这代人的热情-HBase的简单使用
前面折腾了Hadoop,接着就是HBase了,但是这个要写的东西就可多可少了。本文只记录了简单的使用,没有额外写了。本文仅作为我的学习笔记,实际上发布到我的博客时,已经写了很久了只是一直没整理发出来,我加入了一些我自己的理解,便于我自己区分,错误是肯定存在,请留言联系我,我会第一时间改正。如果你想学HBase的使用倒不如直接去看官方文档Apache HBase ™ Reference Guide和HBase 官方文档中文版,比我写的内容多得多。
那么什么是HBase?
HBase - Hadoop Database,是一个高可靠性、高性能、面向列、可伸缩的分布式存储系统,利用HBase技术可在廉价PCServer上搭建起大规模结构化存储集群。HBase利用HadoopHDFS作为其文件存储系统,利用HadoopMapReduce来处理HBase中的海量数据,利用Zookeeper作为协调工具。
在本篇笔记之前,还有我写的这几篇,可以参阅一下:
Hadoop 2.x在CentOS 6.9和Windows下的伪分布式部署
HDFS的再探究
这代人的热情-MapReduce的工作原理学习(一)
这代人的热情-MapReduce的工作原理学习(二)
下面的内容引用了,写得很清晰,我就不额外写了:
【HBase】HBase的环境搭建及基本使用-魏晓蕾
顺便说一下这个博客的博主写得挺多的,有兴趣可以去看一下。
特点 | MySQL | HBase |
---|---|---|
数据库的概念 | 有数据库的概念database和表的概念table | 没有数据库概念database,有替代的namespace的概念,有表的概念,所有的表都是在一个namespace下的 |
主键 | 主键唯一决定了一行 | 没有主键,但是有行健:rowkey(可以理解为就是相当于是主键) |
字段 | 表中直接包含字段 | 有列簇的概念,每个列簇中才包含了字段,给相同属性的列划分一个组,叫做column family列簇,在建表的时候至少要指明一个列簇,可以不给字段 |
版本 | 行列交叉得到一个唯一的单元格,数据的版本数只有1 | 可以存储多个版本version(相当于是可以存储多个值),HBase行列交叉得到一个唯一的单元格组,组中可以有多个单元格,可以设置hbase的version版本数,是int值,当version为1的时候,就没有单元格组的概念了,就是一个单元格,默认情况下,显示timestamp(时间戳)最新的那个单元格的值 |
空值 | MySQL中没有值的话,就是null值,是占空间的 | 对于HBase来说,如果没有这一列的信息,那么就不会存储,不会分配任何的空间 |
Hadoop的生态系统:
还需要说的概念就是:
主键: Row Key
主键是用来检索记录的主键,访问hbase table中的行,只有三种方式。
1.通过单个row key访问
2.通过row key的range
3.全表扫描
列族: Column Family
关系型数据库没有列族这一概念。列族在创建表的时候声明,一个列族可以包含多个列,列中的数据都是以二进制形式存在,没有数据类型。
1. HBase的安装
在安装之前,得先想一下,究竟使用何种部署方式,我们可以搭建单节点的测试环境:
1、单机单实例,只要端口不被占用即可
2、单机伪集群
部署的话要用到Zookeeper,在文末有提到。因为HBase可以将数据保存在本地的文件系统,不保存到HDFS,我们只是简单的测试学习的话,可以无需启动HDFS,只是HDFS的很多特性就无法使用。
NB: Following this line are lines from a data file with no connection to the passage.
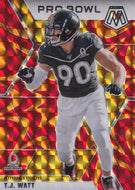 2020 Panini Mosaic NFL REACTIVE ORANGE Parallels ~ Pick Your Cards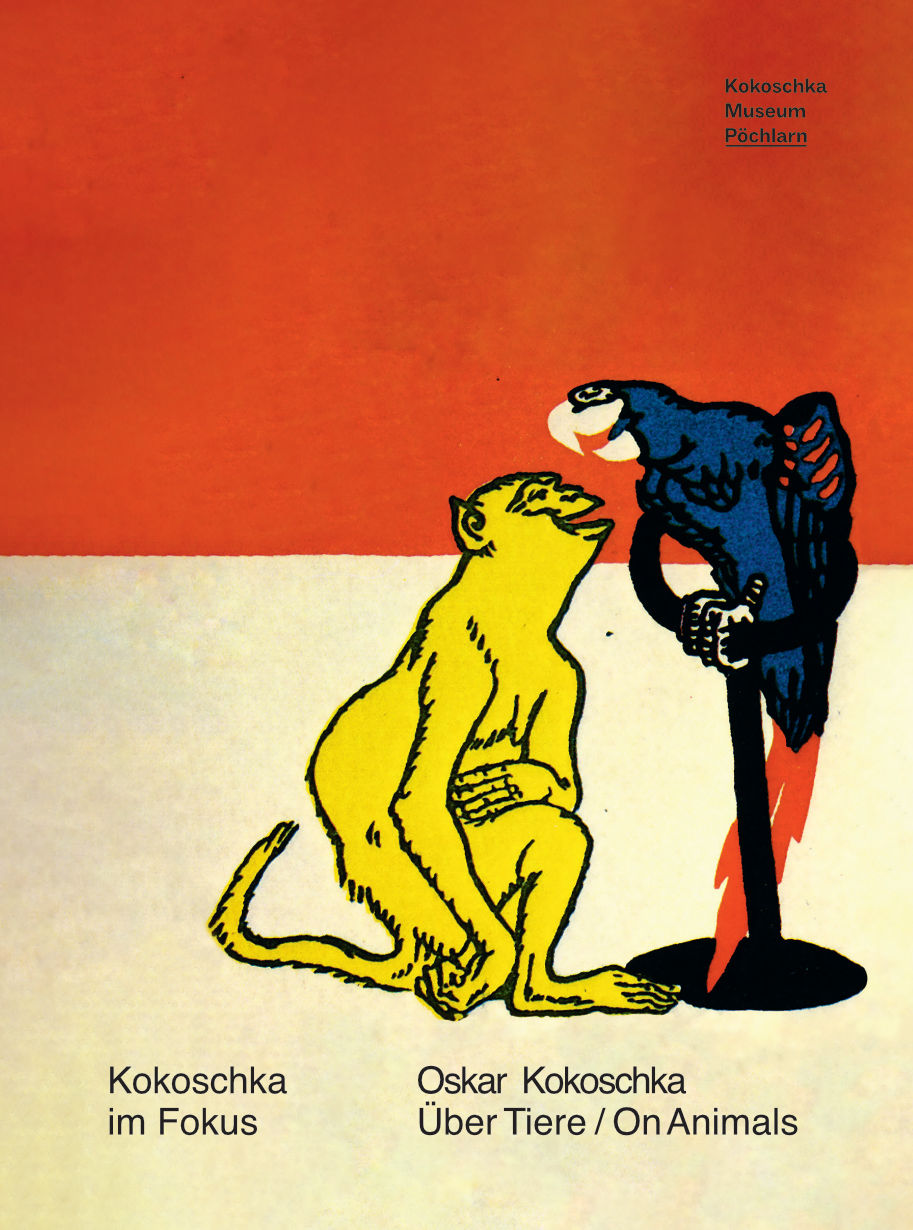 Buchcover Kokoschka im Fokus. Oskar Kokoschka. Über Tiere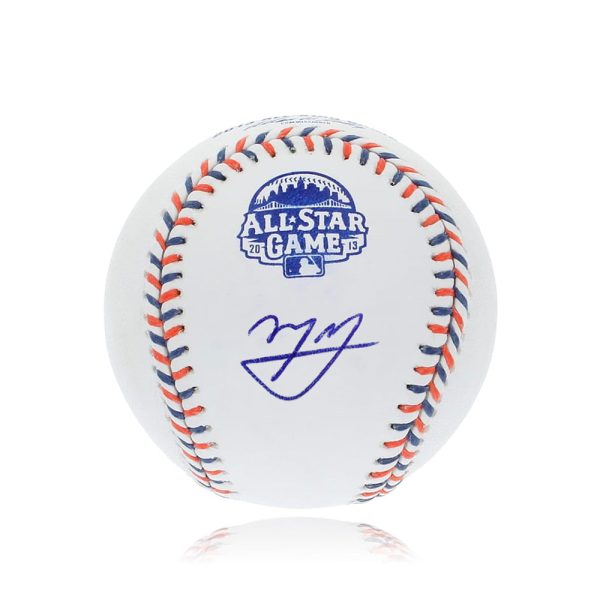 Manny Machado San Diego Padres Autographed Official 2013 All-Star Game Major League Baseball Online now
本文使用的版本是:hbase-0.96.2-hadoop2-bin.tar.gz
,要注意和Hadoop的版本对应。使用的这个在很久以前就停止支持了。
- 0.96 was EOM'd September 2014; 0.94 and 0.98 were EOM'd April 2017
- 1.0 was EOM'd January 2016; 1.1 was EOM'd December 2017; 1.2 was EOM'd June 2019
- 2.0 was EOM'd September 2019
下面就开始捣鼓了,首先解压到目录:
还是需要配置环境,编辑conf/hbase-env.sh
取消JAVA_HOME前面的
/usr/java/jdk1.7.0_80
然后:
vi conf/hbase-site.xml
根据实际情况修改目录:
<property>
<name>hbase.rootdir</name>
<value>file:///DIRECTORY/hbase</value>
</property>
修改conf/hbase-env.sh
中的HBASE_MANAGES_ZK
为true。
# Tell HBase whether it should manage it's own instance of Zookeeper or not.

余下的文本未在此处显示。